■ **INPUT DATA**

————————

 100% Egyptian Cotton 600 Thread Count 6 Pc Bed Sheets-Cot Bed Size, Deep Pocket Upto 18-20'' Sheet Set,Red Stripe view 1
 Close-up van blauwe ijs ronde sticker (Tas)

————————

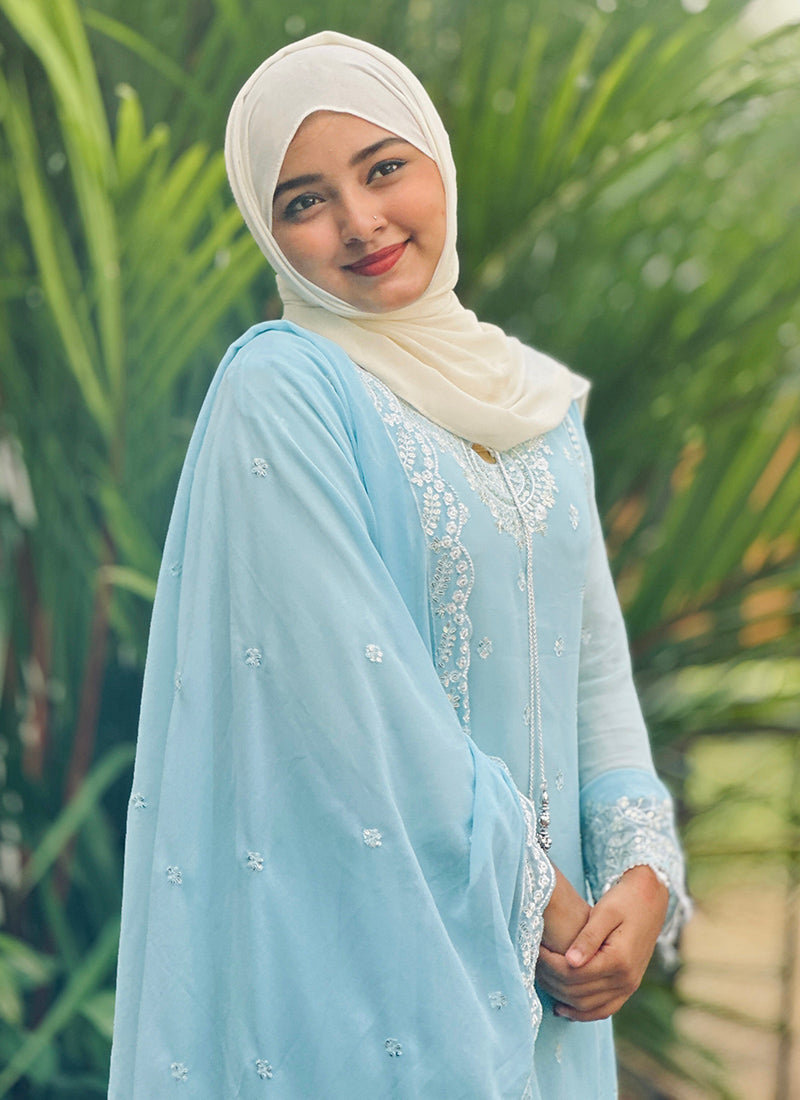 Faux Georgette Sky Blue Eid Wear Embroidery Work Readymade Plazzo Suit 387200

————————

■ **WORK ITEM**
Give back exactly the lines above starting at the line where "100% Egyptian Cotton" appears and ending at the line where "Close-up van blauwe ijs ronde sticker (Tas)" appears, both included, with no other lines.

■ **SOLUTION**
 100% Egyptian Cotton 600 Thread Count 6 Pc Bed Sheets-Cot Bed Size, Deep Pocket Upto 18-20'' Sheet Set,Red Stripe view 1
 Close-up van blauwe ijs ronde sticker (Tas)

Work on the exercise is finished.